When deadly flames incinerated hundreds of homes in Santa Rosa’s Fountaingrove neighborhood earlier this month, they also destroyed irreplaceable papers and correspondence held nearby and once belonging to the founders of Silicon Valley’s first technology company, Hewlett-Packard.
The Tubbs fire consumed the collected archives of William Hewlett and David Packard, the tech pioneers who in 1938 formed an electronics company in a Palo Alto garage with $538 in cash.
More than 100 boxes of the two men’s writings, correspondence, speeches and other items were contained in one of two modular buildings that burned to the ground at the Fountaingrove headquarters of Keysight Technologies. Keysight, the world’s largest electronics measurement company, traces its roots to HP and acquired the archives in 2014 when its business was split from Agilent Technologies — itself an HP spinoff.

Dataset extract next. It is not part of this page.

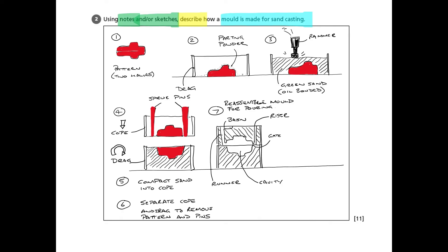You'll notice I have used a couple of steps there as well, just to avoid drawing too much, because sometimes it does take a long time. But for an 11 mark question, it's worth spending a bit of time and getting it right.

The Hewlett and Packard collections had been appraised in 2005 at nearly $2 million and were part of a wider company archive valued at $3.3 million. However, those acquainted with the archives and the pioneering company’s impact on the technology world said the losses can’t be represented by a dollar figure.
Karen Lewis, the former HP staff archivist who first assembled the collections, called it irresponsible to put them in a building without proper protection. Both Hewlett-Packard and Agilent earlier had housed the archives within special vaults inside permanent facilities, complete with foam fire retardant and other safeguards, she said.
“This could easily have been prevented, and it’s a huge loss,” Lewis said.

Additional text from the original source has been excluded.